Print the whole listing again exactly as it stands, leaving out any images.
(SUPPLIED DATA Opens)
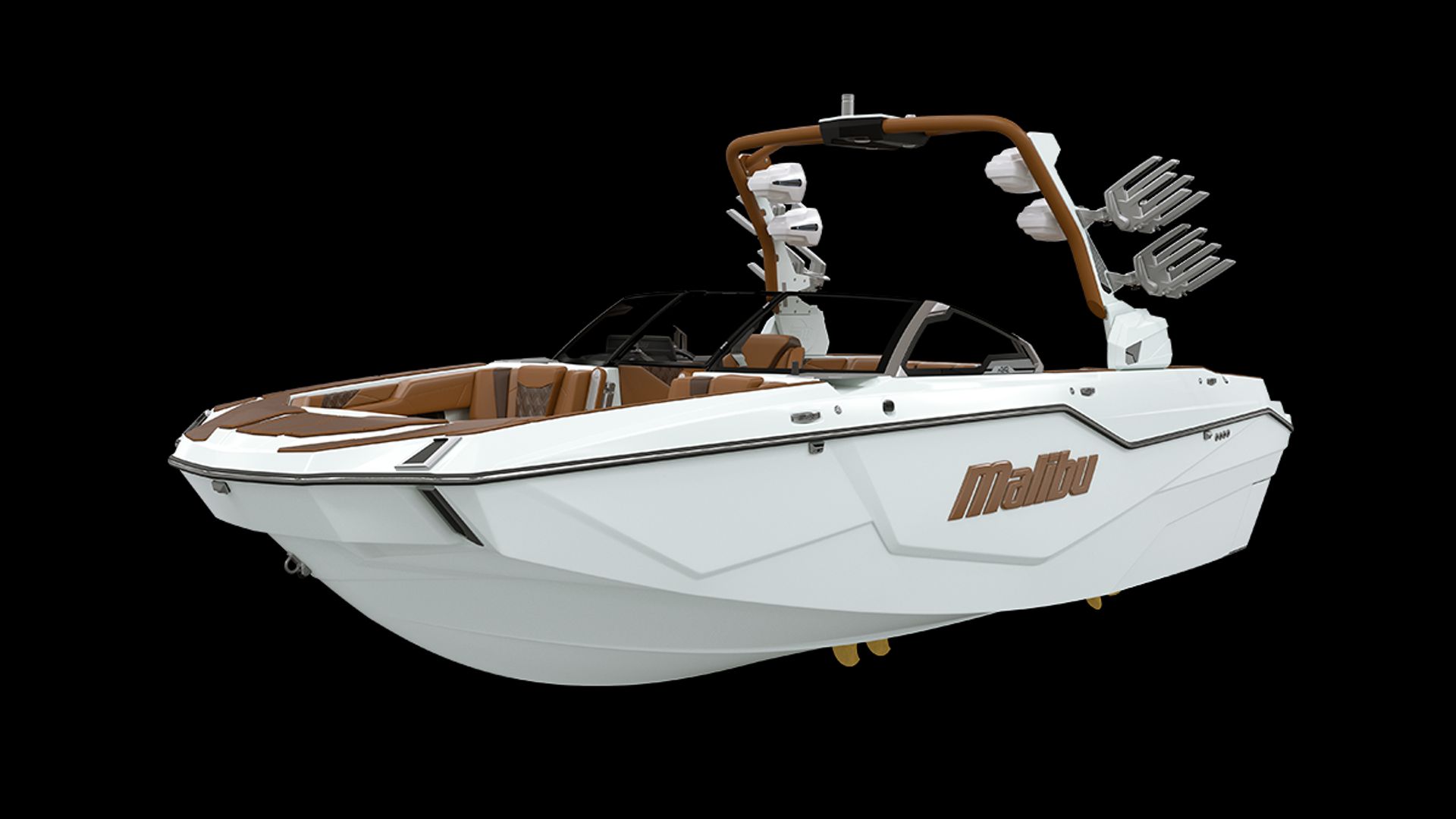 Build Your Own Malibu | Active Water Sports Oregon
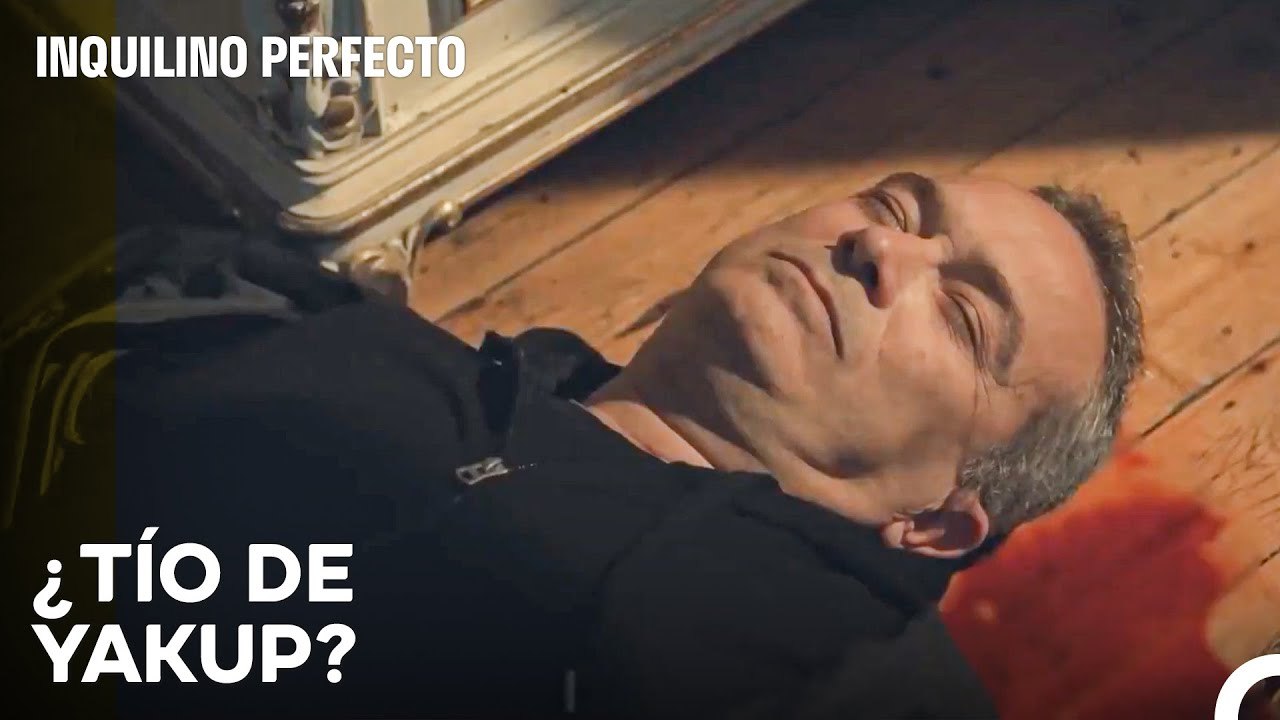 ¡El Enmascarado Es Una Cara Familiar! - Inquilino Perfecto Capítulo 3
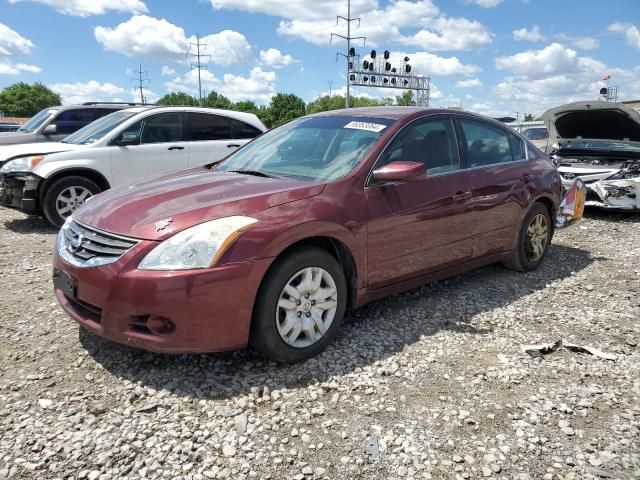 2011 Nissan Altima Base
(SUPPLIED DATA Closes)
OUTPUT>
 Build Your Own Malibu | Active Water Sports Oregon
 ¡El Enmascarado Es Una Cara Familiar! - Inquilino Perfecto Capítulo 3
 2011 Nissan Altima Base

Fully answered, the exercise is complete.